Some minor thing but overall this looks sensible.

llvm/lib/Transforms/IPO/OpenMPOpt.cpp
578

We need a command line option to guard this. Doing it always is (for now) not helpful.

1515–1516

Or use LLVM_DEBUG({ ... }); to avoid two consecutive ones.

1521

Early exits are preferred. if (!FunctionInfo) { debug; continue; } will make it easier to read.

ksidorov updated this revision to Diff 350470.Jun 7 2021, 7:32 PM
  • Command line option -openmp-inject-kernel-features for turning on the feature injection.
  • Refactoring + formatting issues.

squash the commits so that we see the diff not from the last change but the entire change set

llvm/lib/Transforms/IPO/OpenMPOpt.cpp
1499

No else.

ksidorov updated this revision to Diff 350763.Jun 8 2021, 7:34 PM

Squash of diff versions

jdoerfert accepted this revision.Jun 8 2021, 7:58 PM

LG, one nit. Once the nit is resolved I can commit this for you.

llvm/lib/Transforms/IPO/OpenMPOpt.cpp
1522

Address the warning, maybe just (void) FeatureVector;

This revision is now accepted and ready to land.Jun 8 2021, 7:58 PM
ksidorov updated this revision to Diff 351765.Jun 13 2021, 8:03 PM
ksidorov marked 4 inline comments as done.

Code review comments: (void) + clang-format issues

Good feature, but using an array for this looks likely to be error prone.

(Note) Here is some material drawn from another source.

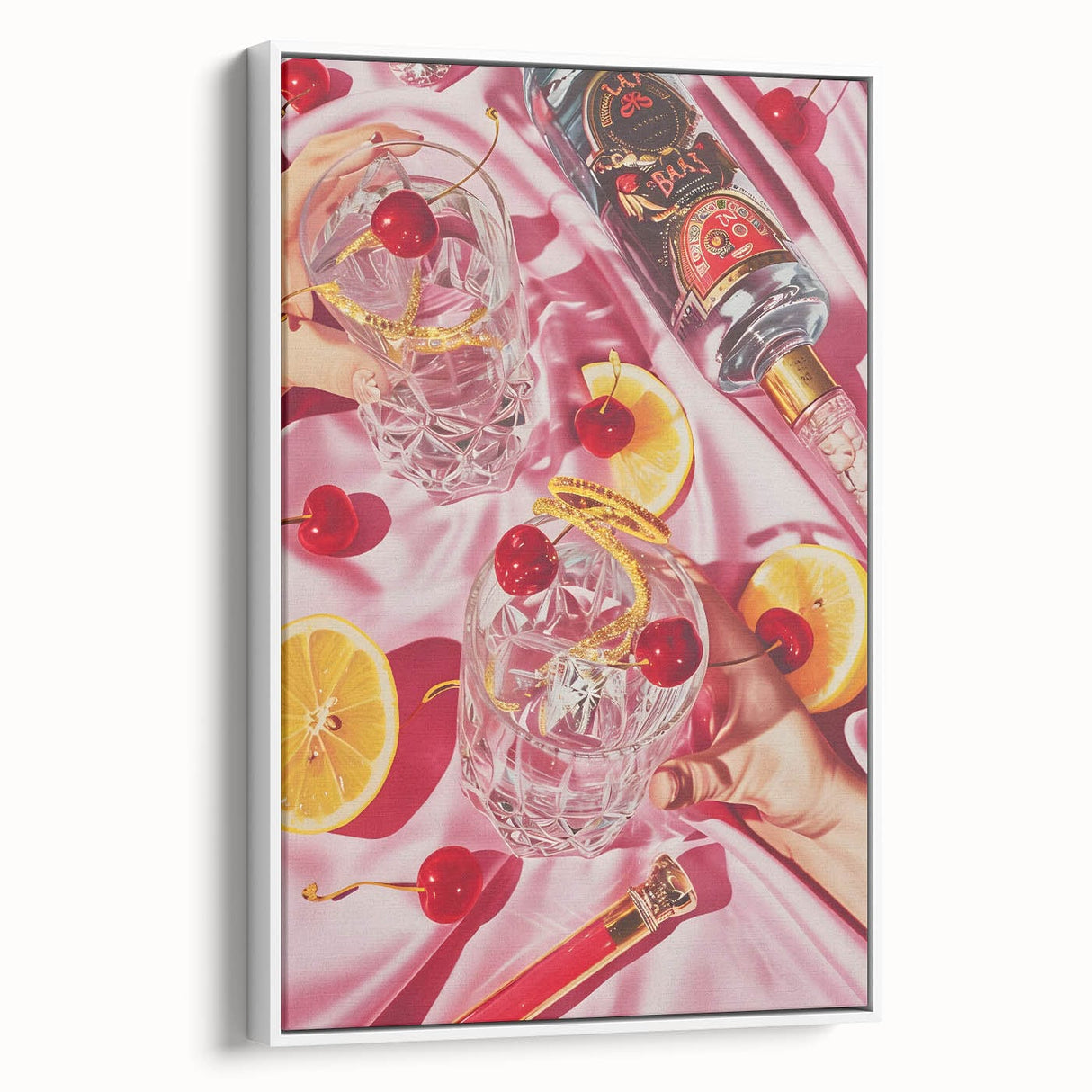 Extra large framed canvas vintage poster art featuring colorful food and drink motifs on a black background.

Do we need to iterate over it somewhere? Order of fields seems likely to end up repeated in a few places.

I think I'd prefer N distinct scalars with names like multiply_kernel.KernelFeature.MaxLoopDepth. Might make the test cases more legible too.

Good feature, but using an array for this looks likely to be error prone. Do we need to iterate over it somewhere? Order of fields seems likely to end up repeated in a few places.

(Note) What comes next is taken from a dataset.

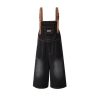 Women's Denim Overalls Summer Strap Design Loose  Age-Reducing Wide-Leg Pants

I think I'd prefer N distinct scalars with names like multiply_kernel.KernelFeature.MaxLoopDepth. Might make the test cases more legible too.

When we read out the values it is much more reasonable to do so in one go. More features are on the way, reading them out one by one will cost too much time to make it practical.
With the usage and printing in the runtime D109882 this should make more sense.

That said, we should even merge other globals into a single one, incl. exec_mode.

ksidorov updated this revision to Diff 387065.Nov 14 2021, 4:37 AM
ksidorov marked an inline comment as done.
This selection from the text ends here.